Task: Write out all of the records precisely. Skip anything that is a picture.

***** Records for processing *****

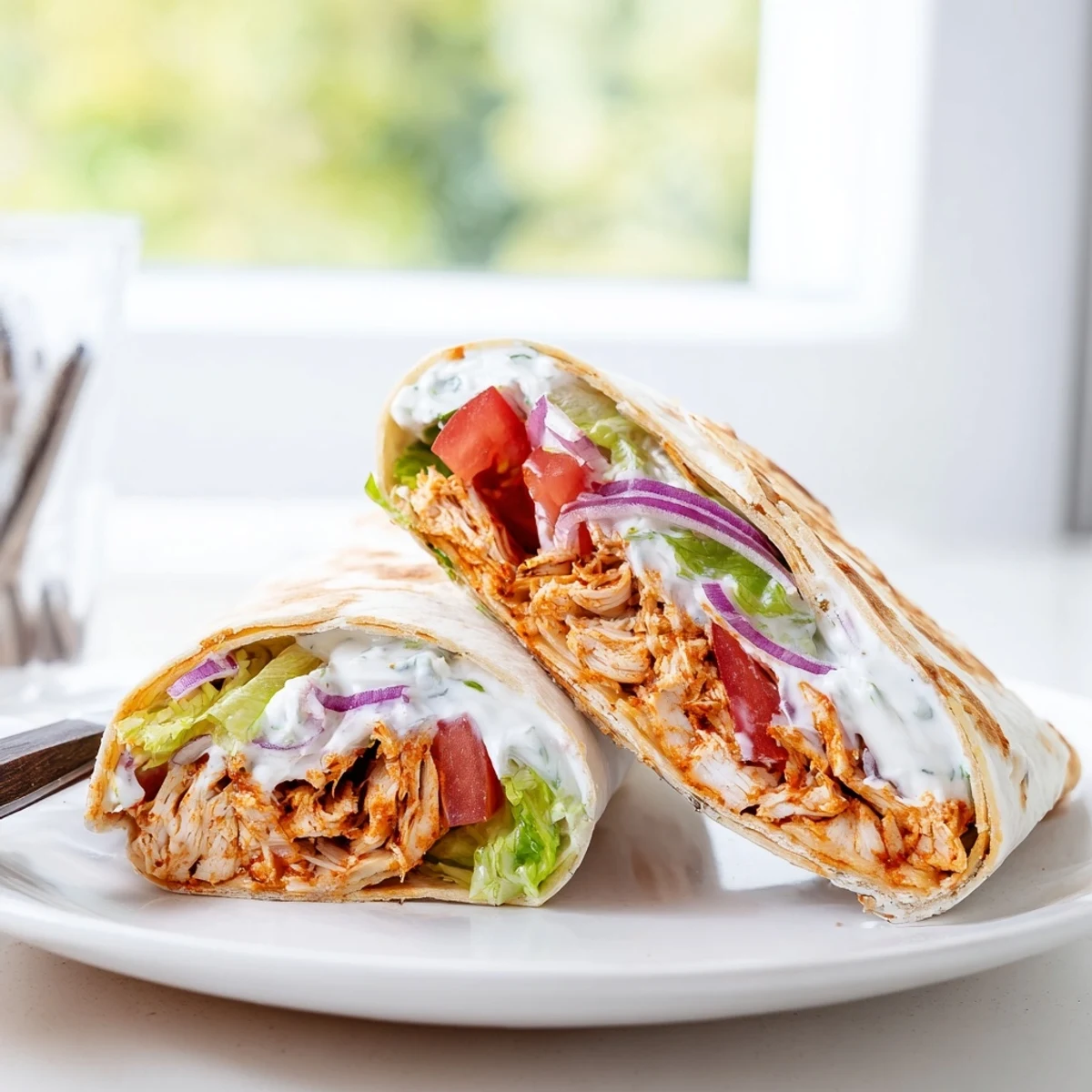 Protein-packed crispy cottage cheese flatbread chicken wraps stacked on a wooden cutting board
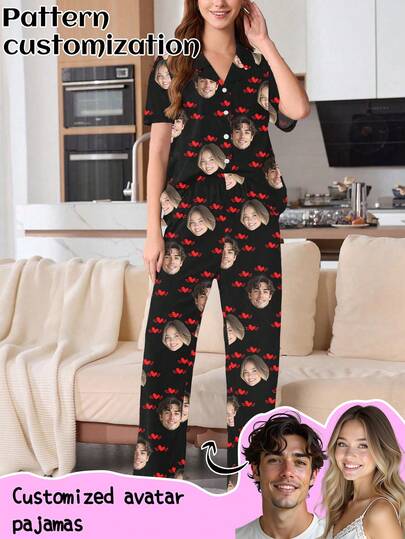 Conjunto de pijama de cárdigan de manga corta personalizado para mujer, se puede imprimir cualquier patrón, pijamas personalizados con fotos, imágenes divertidas y personalizadas, ropa de dormir cómoda. Adecuado para el Día de San Valentín, cumpleaños, regalos y otras ocasiones, personalizado, colorido, lindo, ingenioso, único, exclusivo, regalo ideal para la novia, adecuado para la novia, la familia, los amigos, los mayores, de moda para el otoño, fiesta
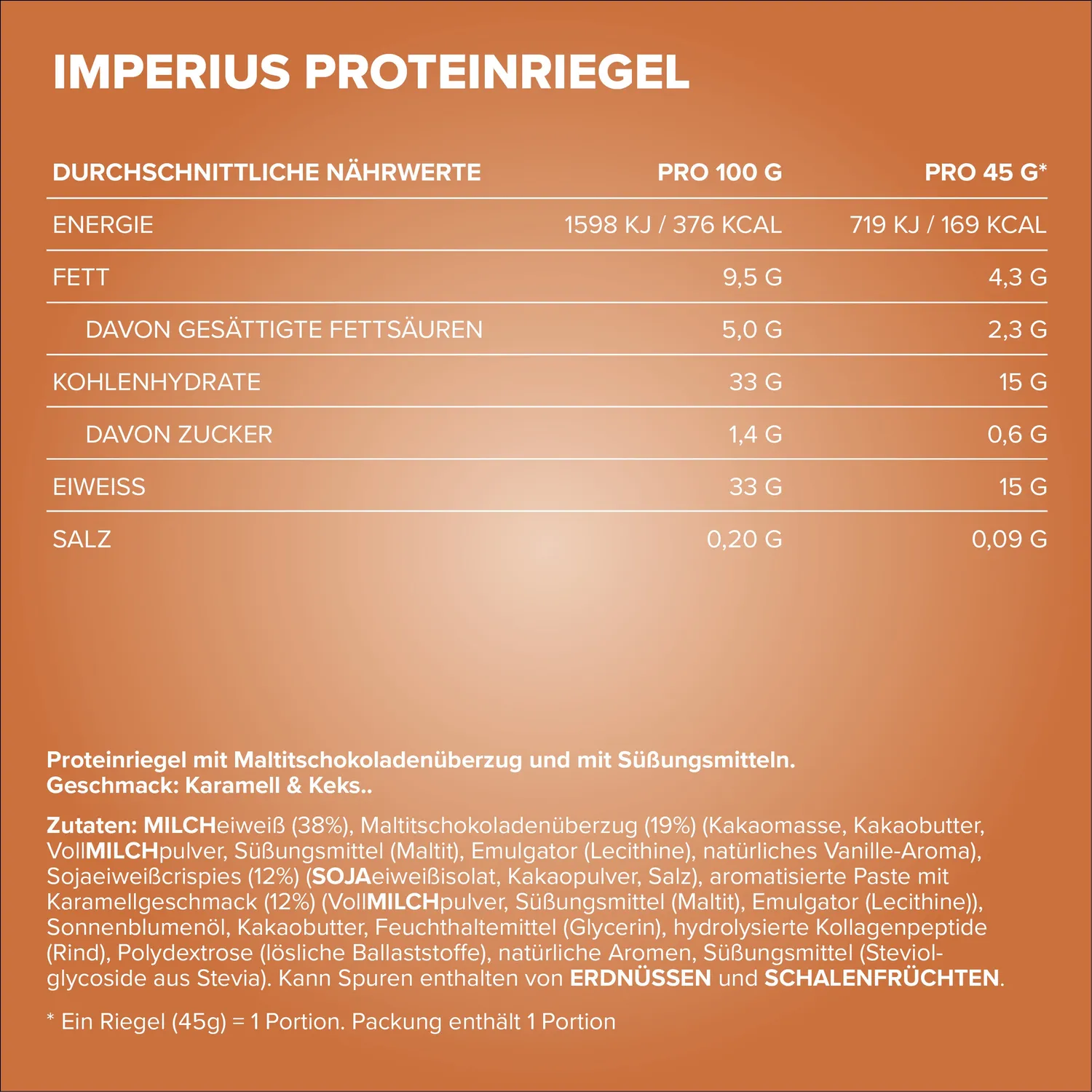 IronMaxx Imperius Proteinriegel Caramel Cookie 45g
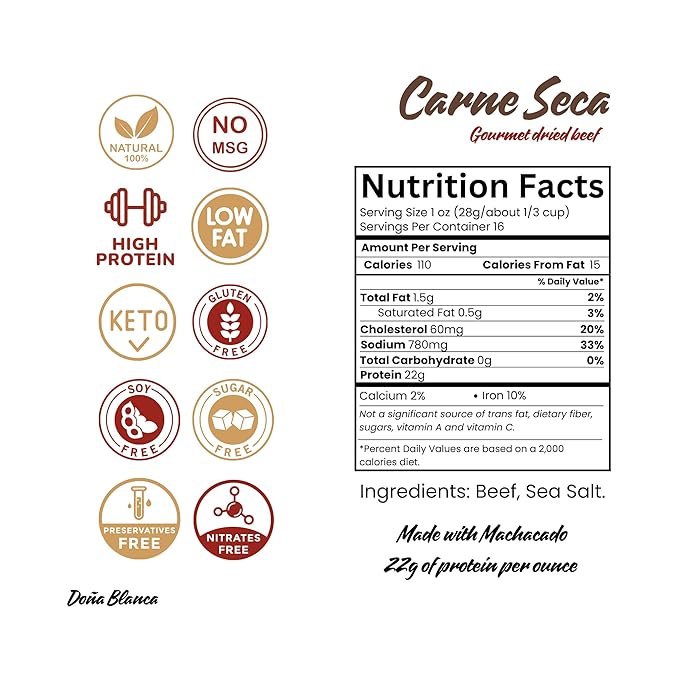 Carne Seca Doña Blanca 16 oz.- Carne Seca - Machacado - Machaca -Shredded Beef Jerky - Beef jerky chew - Kosher Sea Salt Low Sodium Gluten Free High Protein No Carbs Sugar free Keto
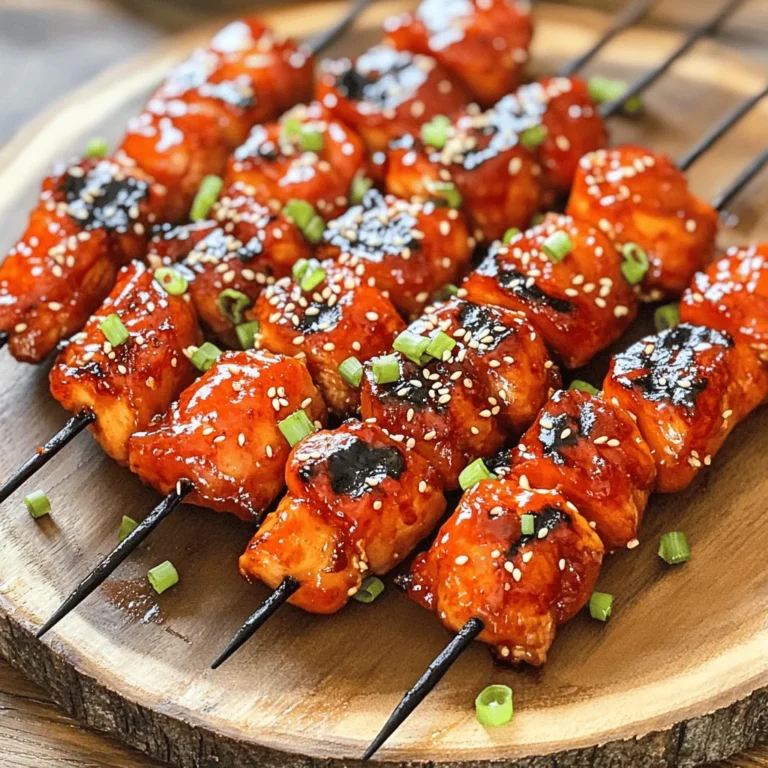 - 1 lb chicken thighs, cut into 1-inch cubes - 3 tablespoons gochujang (Korean red chili paste) - 2 tablespoons soy sauce - 1 tablespoon sesame oil - 2 tablespoons honey - 3 cloves garlic, minced - 1 tablespoon fresh ginger, minced - 2 green onions, chopped (plus extra for garnish) - 1 tablespoon sesame seeds (for garnish) In this recipe, chicken thighs shine with their juicy texture. They soak up flavors well. Gochujang adds heat and depth. Pair it with soy sauce for saltiness. The sesame oil gives a nutty taste. Honey balances the spice with sweetness. Fresh garlic and ginger add aromatic notes. Green onions bring freshness and color to the dish. Don’t skip the sesame seeds. They add a nice crunch and look great on top. - Skewers (wooden or metal) - Grill or grill pan - Mixing bowls You need skewers to hold the chicken pieces. Wooden skewers need soaking. This prevents burning. A grill or grill pan helps get that smoky flavor. Mixing bowls are key for combining ingredients. They make marinating easy and fun. - Alternative proteins - Vegetarian options If you want alternative proteins, try pork or beef. They also taste great with this marinade. For vegetarian options, consider tofu or mushrooms. Both soak up flavors well. Cut them into cubes and marinate just like chicken. Experimenting can lead to new favorite meals! To make the best Korean BBQ chicken skewers, start by preparing the marinade. In a large bowl, mix together these ingredients: - 3 tablespoons gochujang - 2 tablespoons soy sauce - 1 tablespoon sesame oil - 2 tablespoons honey - 3 cloves garlic, minced - 1 tablespoon fresh ginger, minced - 2 green onions, chopped This blend gives your chicken that sweet and spicy kick. After mixing, add 1 lb of chicken thighs cut into 1-inch cubes. Toss the chicken well to coat it with the marinade. Cover the bowl and place it in the fridge. I recommend marinating for at least 30 minutes. If you have time, let it sit for up to 2 hours for deeper flavor. Before you cook, preheat your grill or grill pan over medium-high heat. This helps to get nice grill marks on your chicken. While it heats, oil the grilling surface lightly. Use a paper towel dipped in oil and carefully wipe the grill grates. This step prevents sticking and helps with cleanup later. Once the chicken is marinated, it’s time to thread it onto the skewers. If you use wooden skewers, soak them in water for 30 minutes first. This helps prevent burning. Thread the marinated chicken pieces onto the skewers, leaving a little space between each piece. Now, grill the chicken skewers for about 10-15 minutes. Turn them occasionally. You want to see a nice char on the outside. The chicken should reach an internal temperature of 165°F (75°C) for safety. After grilling, let the skewers rest for 5 minutes. This keeps the juices inside. Before serving, sprinkle with sesame seeds and extra chopped green onions. Enjoy your delicious Korean BBQ chicken skewers! For the full recipe, check out the complete instructions. - Marinating time: Marinate the chicken for at least 30 minutes. For the best flavor, let it soak for up to 2 hours. This allows the chicken to absorb the rich flavors of the marinade. - Fresh vs. dried ingredients: Use fresh garlic and ginger for a bright taste. Dried spices are useful, but fresh ingredients make a big difference. They bring out the best in your skewers. - Skewering techniques: Thread the chicken pieces onto the skewers, leaving space between them. This helps hot air circulate and cooks the chicken evenly. - Meat temperature checking: Use a meat thermometer to check the chicken. It should reach 165°F (75°C) to be safe. This ensures you serve perfectly cooked skewers. - Side dishes that pair well: Serve your skewers with rice or a fresh salad. Kimchi adds a spicy kick and complements the flavors nicely. - Sauces for dipping: Offer a mix of dipping sauces. A sweet soy sauce or a spicy gochujang sauce works great. These add extra taste and fun for your guests. For the complete recipe, check out the Full Recipe section! {{image_2}} To make your skewers hotter, add more gochujang. You can also mix in chili flakes for extra heat. Try adding a splash of hot sauce in the marinade. This adds a kick that many love. For alternative spices, use smoked paprika or cayenne. These enhance the flavor and heat. You can adjust the spice level to your taste. If you want a smoky flavor, try a smoked seasoning blend. For a teriyaki twist, swap some soy sauce for teriyaki sauce. This gives the chicken a sweet and salty flavor. Mix in pineapple juice for a fruity touch. It adds a new layer of taste that is very refreshing. You can also try a sesame-infused recipe. Add toasted sesame oil for a nutty flavor. Mixing in sesame seeds in the marinade will enhance this taste. This makes the chicken rich and flavorful. If you want a different protein, try pork or beef skewers. Use the same marinade for great results. Cut the meat into similar-sized cubes to ensure even cooking. For a vegetarian option, use tofu or veggies. Firm tofu works best as it holds up on the grill. You can marinate bell peppers, zucchini, or mushrooms too. These options give a tasty alternative that everyone can enjoy. For the full recipe, check out the details above. To store leftover skewers, first let them cool down. Then, place them in an airtight container. You can keep them in the fridge for up to three days. This helps keep the chicken moist. If you want to save them longer, you can freeze the skewers. Wrap them tightly in plastic wrap and then place them in a freezer bag. They can last up to three months in the freezer. Just remember to label the bag with the date. When it's time to eat your leftovers, you have a few good options. The best method is to reheat them in the oven. Set it to 350°F (175°C). Place the skewers on a baking tray and cover with foil. This keeps the chicken juicy and warm. Heat for about 10-15 minutes. You can also use a microwave. Place the skewers on a microwave-safe plate and cover them. Heat in short bursts of 30 seconds. Be careful not to overheat, or the chicken may dry out. Preparing Korean BBQ chicken skewers in advance is smart for busy nights. You can marinate the chicken and freeze it. This way, you have a quick meal ready to go. On a busy weeknight, just take the marinated chicken from the freezer. Let it thaw in the fridge overnight. Then, you can thread it onto skewers and grill. This makes dinner easy and tasty! To marinate chicken for BBQ, focus on flavor and time. Use a mix of sauces like soy sauce and gochujang for depth. Add garlic and ginger for extra zest. A good rule of thumb is to marinate for at least 30 minutes. For richer flavor, let it sit for up to 2 hours. Always cover the chicken while it marinates. This keeps the flavors locked in and the chicken moist. Yes, you can make Korean BBQ chicken skewers in the oven. Preheat your oven to 400°F (200°C). Place the skewers on a baking tray lined with foil. Bake for about 15 to 20 minutes. Flip them halfway through cooking for even browning. Keep an eye on them to avoid burning. This method works well and gives tasty results. Soak wooden skewers in water for at least 30 minutes before grilling. This helps prevent burning on the grill. The water makes the skewers expand, which reduces the risk of them catching fire. If you are in a hurry, even 15 minutes can help. Just remember to soak them well for the best outcome. To find authentic Korean BBQ chicken skewers, check local Korean restaurants or BBQ spots. Look for places that have good reviews online. You can also ask friends or family for recommendations. If you have a Korean market nearby, they might offer ready-made skewers. Explore food apps for nearby options too. Chicken should reach an internal temperature of 165°F (75°C) when cooked. This ensures it is safe to eat. Use a meat thermometer for accuracy. Insert it into the thickest part of the chicken without touching the bone. This guarantees the chicken is fully cooked and juicy. Always check before serving to ensure food safety. Korean BBQ chicken skewers are a tasty dish packed with flavor. We covered key ingredients like chicken thighs, gochujang, and spices. I also shared tips for grilling, marinating, and serving. Remember to try different proteins or marinades for fun twists. Store leftovers properly, so you can enjoy them later. Grilling offers many benefits, and now, you have the tools to make great skewers at home. Dive in, experiment, and savor every bite!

*****

Exercise response:
 Protein-packed crispy cottage cheese flatbread chicken wraps stacked on a wooden cutting board
 Conjunto de pijama de cárdigan de manga corta personalizado para mujer, se puede imprimir cualquier patrón, pijamas personalizados con fotos, imágenes divertidas y personalizadas, ropa de dormir cómoda. Adecuado para el Día de San Valentín, cumpleaños, regalos y otras ocasiones, personalizado, colorido, lindo, ingenioso, único, exclusivo, regalo ideal para la novia, adecuado para la novia, la familia, los amigos, los mayores, de moda para el otoño, fiesta
 IronMaxx Imperius Proteinriegel Caramel Cookie 45g
 Carne Seca Doña Blanca 16 oz.- Carne Seca - Machacado - Machaca -Shredded Beef Jerky - Beef jerky chew - Kosher Sea Salt Low Sodium Gluten Free High Protein No Carbs Sugar free Keto
 - 1 lb chicken thighs, cut into 1-inch cubes - 3 tablespoons gochujang (Korean red chili paste) - 2 tablespoons soy sauce - 1 tablespoon sesame oil - 2 tablespoons honey - 3 cloves garlic, minced - 1 tablespoon fresh ginger, minced - 2 green onions, chopped (plus extra for garnish) - 1 tablespoon sesame seeds (for garnish) In this recipe, chicken thighs shine with their juicy texture. They soak up flavors well. Gochujang adds heat and depth. Pair it with soy sauce for saltiness. The sesame oil gives a nutty taste. Honey balances the spice with sweetness. Fresh garlic and ginger add aromatic notes. Green onions bring freshness and color to the dish. Don’t skip the sesame seeds. They add a nice crunch and look great on top. - Skewers (wooden or metal) - Grill or grill pan - Mixing bowls You need skewers to hold the chicken pieces. Wooden skewers need soaking. This prevents burning. A grill or grill pan helps get that smoky flavor. Mixing bowls are key for combining ingredients. They make marinating easy and fun. - Alternative proteins - Vegetarian options If you want alternative proteins, try pork or beef. They also taste great with this marinade. For vegetarian options, consider tofu or mushrooms. Both soak up flavors well. Cut them into cubes and marinate just like chicken. Experimenting can lead to new favorite meals! To make the best Korean BBQ chicken skewers, start by preparing the marinade. In a large bowl, mix together these ingredients: - 3 tablespoons gochujang - 2 tablespoons soy sauce - 1 tablespoon sesame oil - 2 tablespoons honey - 3 cloves garlic, minced - 1 tablespoon fresh ginger, minced - 2 green onions, chopped This blend gives your chicken that sweet and spicy kick. After mixing, add 1 lb of chicken thighs cut into 1-inch cubes. Toss the chicken well to coat it with the marinade. Cover the bowl and place it in the fridge. I recommend marinating for at least 30 minutes. If you have time, let it sit for up to 2 hours for deeper flavor. Before you cook, preheat your grill or grill pan over medium-high heat. This helps to get nice grill marks on your chicken. While it heats, oil the grilling surface lightly. Use a paper towel dipped in oil and carefully wipe the grill grates. This step prevents sticking and helps with cleanup later. Once the chicken is marinated, it’s time to thread it onto the skewers. If you use wooden skewers, soak them in water for 30 minutes first. This helps prevent burning. Thread the marinated chicken pieces onto the skewers, leaving a little space between each piece. Now, grill the chicken skewers for about 10-15 minutes. Turn them occasionally. You want to see a nice char on the outside. The chicken should reach an internal temperature of 165°F (75°C) for safety. After grilling, let the skewers rest for 5 minutes. This keeps the juices inside. Before serving, sprinkle with sesame seeds and extra chopped green onions. Enjoy your delicious Korean BBQ chicken skewers! For the full recipe, check out the complete instructions. - Marinating time: Marinate the chicken for at least 30 minutes. For the best flavor, let it soak for up to 2 hours. This allows the chicken to absorb the rich flavors of the marinade. - Fresh vs. dried ingredients: Use fresh garlic and ginger for a bright taste. Dried spices are useful, but fresh ingredients make a big difference. They bring out the best in your skewers. - Skewering techniques: Thread the chicken pieces onto the skewers, leaving space between them. This helps hot air circulate and cooks the chicken evenly. - Meat temperature checking: Use a meat thermometer to check the chicken. It should reach 165°F (75°C) to be safe. This ensures you serve perfectly cooked skewers. - Side dishes that pair well: Serve your skewers with rice or a fresh salad. Kimchi adds a spicy kick and complements the flavors nicely. - Sauces for dipping: Offer a mix of dipping sauces. A sweet soy sauce or a spicy gochujang sauce works great. These add extra taste and fun for your guests. For the complete recipe, check out the Full Recipe section! {{image_2}} To make your skewers hotter, add more gochujang. You can also mix in chili flakes for extra heat. Try adding a splash of hot sauce in the marinade. This adds a kick that many love. For alternative spices, use smoked paprika or cayenne. These enhance the flavor and heat. You can adjust the spice level to your taste. If you want a smoky flavor, try a smoked seasoning blend. For a teriyaki twist, swap some soy sauce for teriyaki sauce. This gives the chicken a sweet and salty flavor. Mix in pineapple juice for a fruity touch. It adds a new layer of taste that is very refreshing. You can also try a sesame-infused recipe. Add toasted sesame oil for a nutty flavor. Mixing in sesame seeds in the marinade will enhance this taste. This makes the chicken rich and flavorful. If you want a different protein, try pork or beef skewers. Use the same marinade for great results. Cut the meat into similar-sized cubes to ensure even cooking. For a vegetarian option, use tofu or veggies. Firm tofu works best as it holds up on the grill. You can marinate bell peppers, zucchini, or mushrooms too. These options give a tasty alternative that everyone can enjoy. For the full recipe, check out the details above. To store leftover skewers, first let them cool down. Then, place them in an airtight container. You can keep them in the fridge for up to three days. This helps keep the chicken moist. If you want to save them longer, you can freeze the skewers. Wrap them tightly in plastic wrap and then place them in a freezer bag. They can last up to three months in the freezer. Just remember to label the bag with the date. When it's time to eat your leftovers, you have a few good options. The best method is to reheat them in the oven. Set it to 350°F (175°C). Place the skewers on a baking tray and cover with foil. This keeps the chicken juicy and warm. Heat for about 10-15 minutes. You can also use a microwave. Place the skewers on a microwave-safe plate and cover them. Heat in short bursts of 30 seconds. Be careful not to overheat, or the chicken may dry out. Preparing Korean BBQ chicken skewers in advance is smart for busy nights. You can marinate the chicken and freeze it. This way, you have a quick meal ready to go. On a busy weeknight, just take the marinated chicken from the freezer. Let it thaw in the fridge overnight. Then, you can thread it onto skewers and grill. This makes dinner easy and tasty! To marinate chicken for BBQ, focus on flavor and time. Use a mix of sauces like soy sauce and gochujang for depth. Add garlic and ginger for extra zest. A good rule of thumb is to marinate for at least 30 minutes. For richer flavor, let it sit for up to 2 hours. Always cover the chicken while it marinates. This keeps the flavors locked in and the chicken moist. Yes, you can make Korean BBQ chicken skewers in the oven. Preheat your oven to 400°F (200°C). Place the skewers on a baking tray lined with foil. Bake for about 15 to 20 minutes. Flip them halfway through cooking for even browning. Keep an eye on them to avoid burning. This method works well and gives tasty results. Soak wooden skewers in water for at least 30 minutes before grilling. This helps prevent burning on the grill. The water makes the skewers expand, which reduces the risk of them catching fire. If you are in a hurry, even 15 minutes can help. Just remember to soak them well for the best outcome. To find authentic Korean BBQ chicken skewers, check local Korean restaurants or BBQ spots. Look for places that have good reviews online. You can also ask friends or family for recommendations. If you have a Korean market nearby, they might offer ready-made skewers. Explore food apps for nearby options too. Chicken should reach an internal temperature of 165°F (75°C) when cooked. This ensures it is safe to eat. Use a meat thermometer for accuracy. Insert it into the thickest part of the chicken without touching the bone. This guarantees the chicken is fully cooked and juicy. Always check before serving to ensure food safety. Korean BBQ chicken skewers are a tasty dish packed with flavor. We covered key ingredients like chicken thighs, gochujang, and spices. I also shared tips for grilling, marinating, and serving. Remember to try different proteins or marinades for fun twists. Store leftovers properly, so you can enjoy them later. Grilling offers many benefits, and now, you have the tools to make great skewers at home. Dive in, experiment, and savor every bite!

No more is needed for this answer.